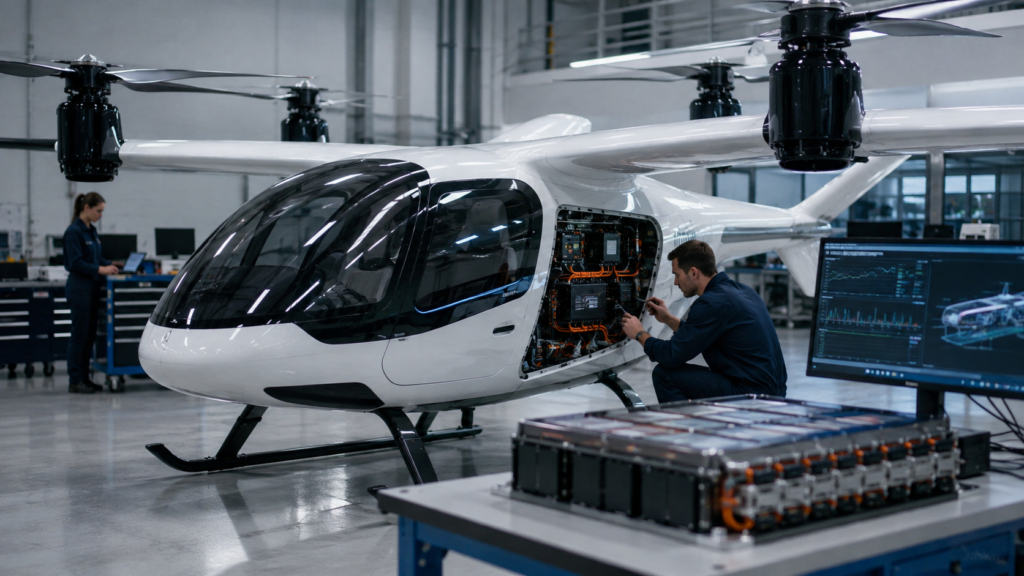 SES AI Corporation’s advanced battery technology is set to support Doroni Aerospace’s H1-X personal eVTOL development, highlighting the growing role of high-energy battery packs in electric aviation. Representative image.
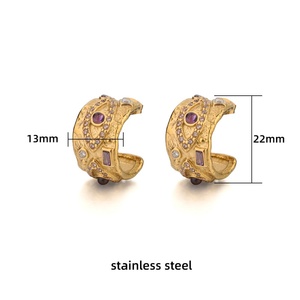 Devil Eye Tùy Chỉnh Cổ Điển Boho Đồ Trang Sức Thép Không Gỉ Vàng Vermeil Stud Bông Tai Zircon Mô Hình Bộ Xương Không Thấm Nước Thời Trang Quà Tặng - Product Image 6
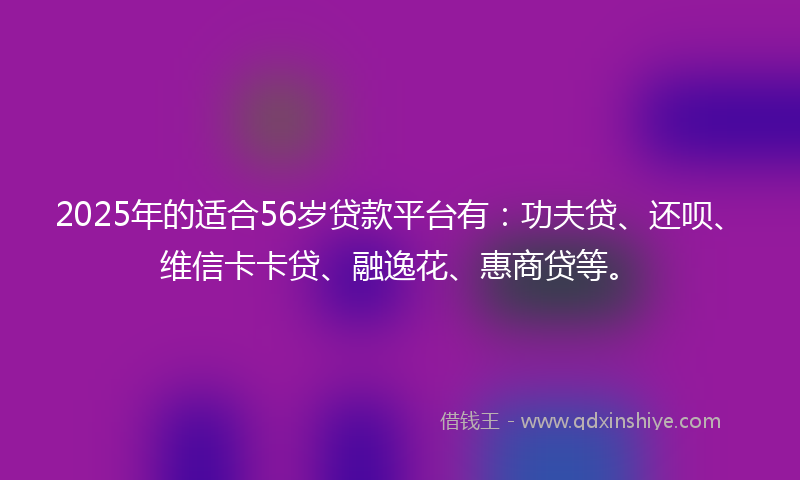 2025年的适合56岁贷款平台有：功夫贷、还呗、维信卡卡贷、融逸花、惠商贷等。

_WHAT IS NEEDED:_
Exact repetition of each line above is expected; images are to be omitted.

_FINISHED EXERCISE:_
 SES AI Corporation’s advanced battery technology is set to support Doroni Aerospace’s H1-X personal eVTOL development, highlighting the growing role of high-energy battery packs in electric aviation. Representative image.
 Devil Eye Tùy Chỉnh Cổ Điển Boho Đồ Trang Sức Thép Không Gỉ Vàng Vermeil Stud Bông Tai Zircon Mô Hình Bộ Xương Không Thấm Nước Thời Trang Quà Tặng - Product Image 6
 2025年的适合56岁贷款平台有：功夫贷、还呗、维信卡卡贷、融逸花、惠商贷等。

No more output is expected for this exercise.